■ Exercise prompt: Bring back every record exactly, except for the pictures, which stay out.
╭──
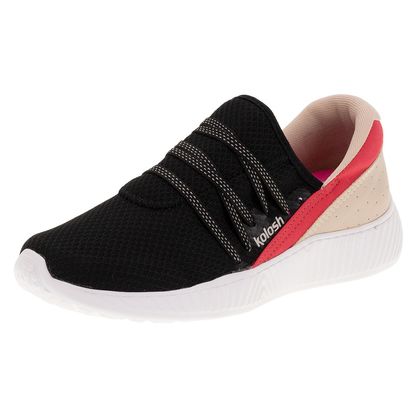 Tenis-Sport-Style-Cali-II-Kolosh-K8886A-0648886_069-01 Tenis-Sport-Style-Cali-II-Kolosh-K8886A-0648886_069-01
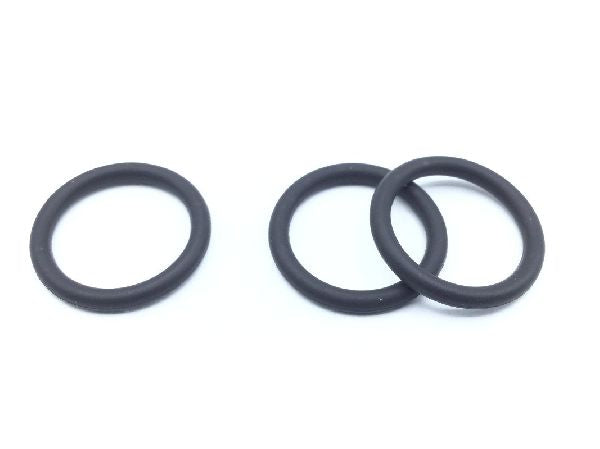 AS3209-115 O-Ring (5)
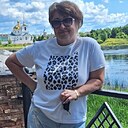 Алла, 48 года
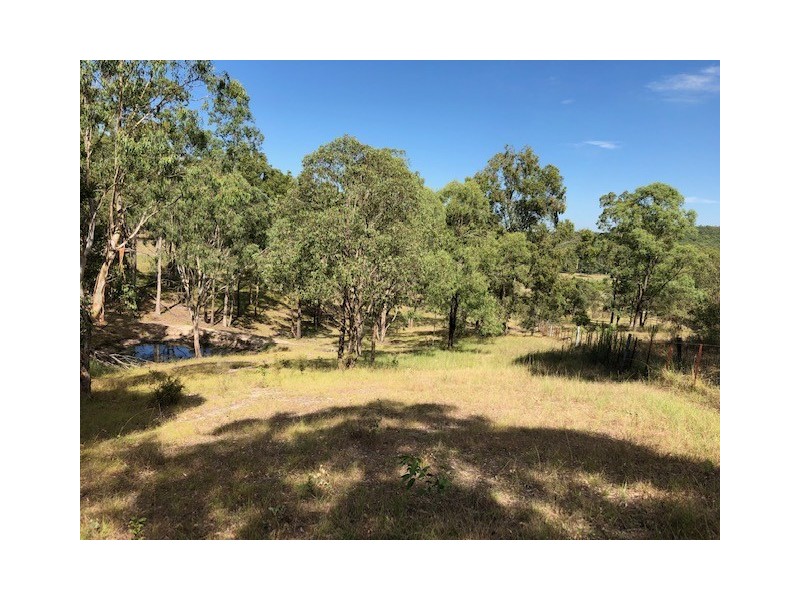 32 Purcell Place, Clarence Town NSW 2321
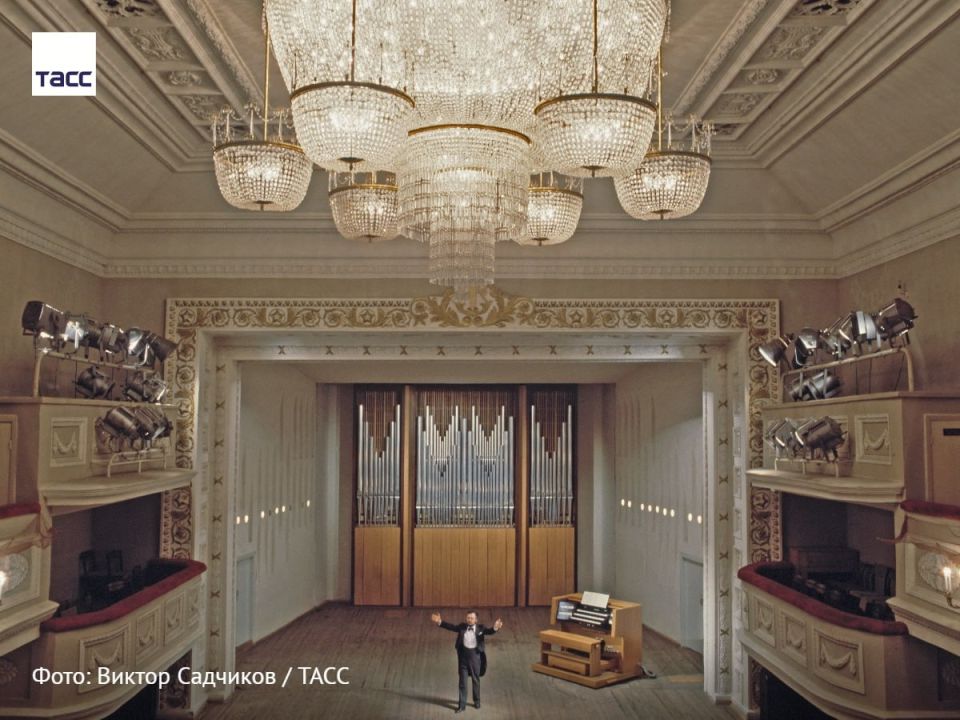 #�����_����_������. ���������� ��� ������������ ����������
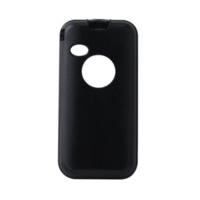 SwissBatteries Waterproof Cover (iPhone 4/iPhone 4S)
╰──
■ Exercise solution:
 Tenis-Sport-Style-Cali-II-Kolosh-K8886A-0648886_069-01 Tenis-Sport-Style-Cali-II-Kolosh-K8886A-0648886_069-01
 AS3209-115 O-Ring (5)
 Алла, 48 года
 32 Purcell Place, Clarence Town NSW 2321
 #�����_����_������. ���������� ��� ������������ ����������
 SwissBatteries Waterproof Cover (iPhone 4/iPhone 4S)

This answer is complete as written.